## Action item
Nothing other than the lines from the one containing "Madewell Ivory Wool" through the last line of the data below should be output, each reproduced exactly.
* * * * *
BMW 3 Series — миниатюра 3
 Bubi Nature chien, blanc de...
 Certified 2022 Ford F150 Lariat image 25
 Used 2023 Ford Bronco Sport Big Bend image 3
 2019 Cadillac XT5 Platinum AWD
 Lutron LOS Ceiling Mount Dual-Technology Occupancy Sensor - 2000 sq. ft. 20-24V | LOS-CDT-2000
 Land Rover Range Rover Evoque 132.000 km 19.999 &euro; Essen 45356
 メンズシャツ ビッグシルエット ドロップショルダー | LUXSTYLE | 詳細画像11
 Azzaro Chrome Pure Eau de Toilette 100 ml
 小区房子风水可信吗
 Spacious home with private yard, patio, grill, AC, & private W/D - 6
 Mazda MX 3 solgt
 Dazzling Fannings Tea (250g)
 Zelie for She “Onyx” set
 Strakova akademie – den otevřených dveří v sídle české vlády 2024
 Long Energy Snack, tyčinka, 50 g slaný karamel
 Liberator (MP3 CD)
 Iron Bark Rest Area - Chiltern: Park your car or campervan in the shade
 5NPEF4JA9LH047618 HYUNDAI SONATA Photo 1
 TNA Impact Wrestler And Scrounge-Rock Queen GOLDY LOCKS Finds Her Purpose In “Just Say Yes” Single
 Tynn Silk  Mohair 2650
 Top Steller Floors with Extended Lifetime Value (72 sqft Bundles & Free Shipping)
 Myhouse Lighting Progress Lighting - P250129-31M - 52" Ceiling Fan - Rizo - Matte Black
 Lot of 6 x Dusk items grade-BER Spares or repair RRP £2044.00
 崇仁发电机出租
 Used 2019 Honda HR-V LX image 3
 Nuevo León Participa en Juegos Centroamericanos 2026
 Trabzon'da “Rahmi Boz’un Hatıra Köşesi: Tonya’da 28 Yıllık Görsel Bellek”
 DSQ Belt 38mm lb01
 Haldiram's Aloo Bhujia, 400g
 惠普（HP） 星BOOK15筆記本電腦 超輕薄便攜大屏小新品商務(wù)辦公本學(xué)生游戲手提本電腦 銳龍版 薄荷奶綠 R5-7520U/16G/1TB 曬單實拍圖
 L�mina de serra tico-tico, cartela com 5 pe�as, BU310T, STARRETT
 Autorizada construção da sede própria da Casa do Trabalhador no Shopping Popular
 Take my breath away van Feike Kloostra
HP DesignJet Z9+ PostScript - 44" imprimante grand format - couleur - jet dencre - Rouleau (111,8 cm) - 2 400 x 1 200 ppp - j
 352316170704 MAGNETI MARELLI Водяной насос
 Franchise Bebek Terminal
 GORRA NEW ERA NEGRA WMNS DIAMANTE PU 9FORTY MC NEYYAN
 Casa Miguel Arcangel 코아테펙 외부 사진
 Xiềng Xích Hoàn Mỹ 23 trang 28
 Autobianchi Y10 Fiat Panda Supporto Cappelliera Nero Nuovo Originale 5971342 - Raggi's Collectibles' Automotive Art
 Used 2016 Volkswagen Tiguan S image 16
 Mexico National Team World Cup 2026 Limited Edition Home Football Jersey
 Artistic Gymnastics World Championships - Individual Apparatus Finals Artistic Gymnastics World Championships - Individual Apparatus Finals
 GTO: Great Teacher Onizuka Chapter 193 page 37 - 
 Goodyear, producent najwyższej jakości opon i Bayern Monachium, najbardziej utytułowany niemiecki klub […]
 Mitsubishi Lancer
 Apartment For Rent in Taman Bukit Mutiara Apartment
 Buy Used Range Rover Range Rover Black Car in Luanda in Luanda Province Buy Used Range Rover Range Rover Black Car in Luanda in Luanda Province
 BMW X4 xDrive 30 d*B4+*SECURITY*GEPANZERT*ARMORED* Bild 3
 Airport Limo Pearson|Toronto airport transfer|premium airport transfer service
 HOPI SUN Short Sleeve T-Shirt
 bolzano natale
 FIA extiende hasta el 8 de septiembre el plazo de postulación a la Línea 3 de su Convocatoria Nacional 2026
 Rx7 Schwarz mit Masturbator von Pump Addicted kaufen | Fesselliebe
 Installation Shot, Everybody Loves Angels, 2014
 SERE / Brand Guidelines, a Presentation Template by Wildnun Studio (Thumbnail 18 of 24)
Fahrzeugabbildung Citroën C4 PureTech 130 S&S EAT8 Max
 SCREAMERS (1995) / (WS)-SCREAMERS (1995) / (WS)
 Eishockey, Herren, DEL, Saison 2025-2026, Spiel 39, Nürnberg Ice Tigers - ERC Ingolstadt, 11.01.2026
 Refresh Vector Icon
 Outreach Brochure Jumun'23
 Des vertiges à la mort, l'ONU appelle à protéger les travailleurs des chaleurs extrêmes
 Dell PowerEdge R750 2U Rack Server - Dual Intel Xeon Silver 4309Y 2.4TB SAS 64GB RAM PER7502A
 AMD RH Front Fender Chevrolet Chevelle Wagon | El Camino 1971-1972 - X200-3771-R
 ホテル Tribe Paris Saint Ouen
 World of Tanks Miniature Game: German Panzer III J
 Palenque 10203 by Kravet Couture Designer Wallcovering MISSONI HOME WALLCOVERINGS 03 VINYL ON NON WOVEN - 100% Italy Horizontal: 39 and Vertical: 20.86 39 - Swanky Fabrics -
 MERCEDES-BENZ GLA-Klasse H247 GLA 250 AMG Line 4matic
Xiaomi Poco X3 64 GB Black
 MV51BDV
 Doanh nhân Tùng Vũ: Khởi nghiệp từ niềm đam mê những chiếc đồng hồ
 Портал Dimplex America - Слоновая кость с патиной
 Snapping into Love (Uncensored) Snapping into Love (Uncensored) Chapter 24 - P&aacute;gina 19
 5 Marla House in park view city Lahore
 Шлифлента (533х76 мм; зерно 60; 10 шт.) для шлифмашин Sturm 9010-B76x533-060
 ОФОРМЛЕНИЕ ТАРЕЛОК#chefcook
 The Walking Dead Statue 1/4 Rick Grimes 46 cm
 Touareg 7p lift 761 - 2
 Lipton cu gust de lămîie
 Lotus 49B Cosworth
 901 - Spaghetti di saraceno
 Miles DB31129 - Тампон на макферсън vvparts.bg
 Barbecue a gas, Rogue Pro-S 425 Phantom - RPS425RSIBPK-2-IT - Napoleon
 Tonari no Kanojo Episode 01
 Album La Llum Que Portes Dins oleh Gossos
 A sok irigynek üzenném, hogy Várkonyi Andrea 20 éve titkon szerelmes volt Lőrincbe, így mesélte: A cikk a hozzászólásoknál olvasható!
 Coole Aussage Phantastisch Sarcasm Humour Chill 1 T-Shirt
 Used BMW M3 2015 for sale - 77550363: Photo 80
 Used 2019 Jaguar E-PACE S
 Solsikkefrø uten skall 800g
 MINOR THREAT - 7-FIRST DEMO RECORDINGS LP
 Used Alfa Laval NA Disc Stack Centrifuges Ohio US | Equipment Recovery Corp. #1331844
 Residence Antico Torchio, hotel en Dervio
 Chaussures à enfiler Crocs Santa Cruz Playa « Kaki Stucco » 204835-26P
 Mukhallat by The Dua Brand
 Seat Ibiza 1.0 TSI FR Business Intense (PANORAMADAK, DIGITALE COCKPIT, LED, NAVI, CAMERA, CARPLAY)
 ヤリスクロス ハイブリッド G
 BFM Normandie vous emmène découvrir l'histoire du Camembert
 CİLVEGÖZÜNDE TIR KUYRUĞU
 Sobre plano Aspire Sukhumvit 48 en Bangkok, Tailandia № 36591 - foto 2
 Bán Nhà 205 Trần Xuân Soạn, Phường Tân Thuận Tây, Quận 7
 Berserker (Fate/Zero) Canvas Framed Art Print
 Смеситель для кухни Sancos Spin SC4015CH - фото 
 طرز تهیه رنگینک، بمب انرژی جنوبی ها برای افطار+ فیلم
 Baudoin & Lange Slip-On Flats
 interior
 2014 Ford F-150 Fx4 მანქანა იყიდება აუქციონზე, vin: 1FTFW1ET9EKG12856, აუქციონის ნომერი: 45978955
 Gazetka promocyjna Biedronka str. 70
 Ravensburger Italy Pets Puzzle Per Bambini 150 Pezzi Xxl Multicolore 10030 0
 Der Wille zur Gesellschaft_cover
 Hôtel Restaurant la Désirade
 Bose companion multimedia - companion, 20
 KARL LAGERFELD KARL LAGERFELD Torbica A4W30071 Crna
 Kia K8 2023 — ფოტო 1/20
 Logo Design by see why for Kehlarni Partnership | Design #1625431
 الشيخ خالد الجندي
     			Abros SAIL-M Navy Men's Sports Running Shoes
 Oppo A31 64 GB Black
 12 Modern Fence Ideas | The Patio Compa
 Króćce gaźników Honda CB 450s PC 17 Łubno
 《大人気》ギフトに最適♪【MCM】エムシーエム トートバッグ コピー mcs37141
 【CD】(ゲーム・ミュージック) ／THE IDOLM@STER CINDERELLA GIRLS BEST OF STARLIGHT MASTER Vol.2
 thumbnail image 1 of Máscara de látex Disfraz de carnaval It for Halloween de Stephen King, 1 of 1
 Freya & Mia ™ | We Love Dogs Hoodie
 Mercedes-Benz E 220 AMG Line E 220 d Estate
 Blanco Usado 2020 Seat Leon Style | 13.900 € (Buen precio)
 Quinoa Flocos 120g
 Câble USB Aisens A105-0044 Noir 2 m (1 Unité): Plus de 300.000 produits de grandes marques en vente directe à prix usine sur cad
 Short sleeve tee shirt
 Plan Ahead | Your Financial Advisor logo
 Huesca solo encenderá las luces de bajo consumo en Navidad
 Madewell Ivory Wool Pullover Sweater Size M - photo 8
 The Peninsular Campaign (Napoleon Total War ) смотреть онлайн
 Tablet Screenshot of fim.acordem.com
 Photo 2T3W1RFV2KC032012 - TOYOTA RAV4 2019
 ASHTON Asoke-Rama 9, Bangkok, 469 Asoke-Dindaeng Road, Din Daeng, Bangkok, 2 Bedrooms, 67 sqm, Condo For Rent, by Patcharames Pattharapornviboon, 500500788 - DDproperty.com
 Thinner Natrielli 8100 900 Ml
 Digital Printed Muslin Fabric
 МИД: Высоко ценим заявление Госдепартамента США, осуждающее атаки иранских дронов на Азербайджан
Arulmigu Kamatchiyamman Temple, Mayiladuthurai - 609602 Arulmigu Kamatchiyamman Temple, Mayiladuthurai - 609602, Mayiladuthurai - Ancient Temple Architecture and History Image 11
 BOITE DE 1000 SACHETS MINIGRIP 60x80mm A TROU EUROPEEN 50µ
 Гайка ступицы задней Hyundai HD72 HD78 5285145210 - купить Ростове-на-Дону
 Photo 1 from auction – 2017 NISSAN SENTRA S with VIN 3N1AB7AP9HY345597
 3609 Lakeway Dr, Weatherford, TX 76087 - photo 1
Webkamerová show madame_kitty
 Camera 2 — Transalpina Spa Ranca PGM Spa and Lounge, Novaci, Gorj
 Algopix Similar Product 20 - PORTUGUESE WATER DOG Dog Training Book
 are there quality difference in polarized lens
* * * * *
## Exercise result
 Madewell Ivory Wool Pullover Sweater Size M - photo 8
 The Peninsular Campaign (Napoleon Total War ) смотреть онлайн
 Tablet Screenshot of fim.acordem.com
 Photo 2T3W1RFV2KC032012 - TOYOTA RAV4 2019
 ASHTON Asoke-Rama 9, Bangkok, 469 Asoke-Dindaeng Road, Din Daeng, Bangkok, 2 Bedrooms, 67 sqm, Condo For Rent, by Patcharames Pattharapornviboon, 500500788 - DDproperty.com
 Thinner Natrielli 8100 900 Ml
 Digital Printed Muslin Fabric
 МИД: Высоко ценим заявление Госдепартамента США, осуждающее атаки иранских дронов на Азербайджан
Arulmigu Kamatchiyamman Temple, Mayiladuthurai - 609602 Arulmigu Kamatchiyamman Temple, Mayiladuthurai - 609602, Mayiladuthurai - Ancient Temple Architecture and History Image 11
 BOITE DE 1000 SACHETS MINIGRIP 60x80mm A TROU EUROPEEN 50µ
 Гайка ступицы задней Hyundai HD72 HD78 5285145210 - купить Ростове-на-Дону
 Photo 1 from auction – 2017 NISSAN SENTRA S with VIN 3N1AB7AP9HY345597
 3609 Lakeway Dr, Weatherford, TX 76087 - photo 1
Webkamerová show madame_kitty
 Camera 2 — Transalpina Spa Ranca PGM Spa and Lounge, Novaci, Gorj
 Algopix Similar Product 20 - PORTUGUESE WATER DOG Dog Training Book
 are there quality difference in polarized lens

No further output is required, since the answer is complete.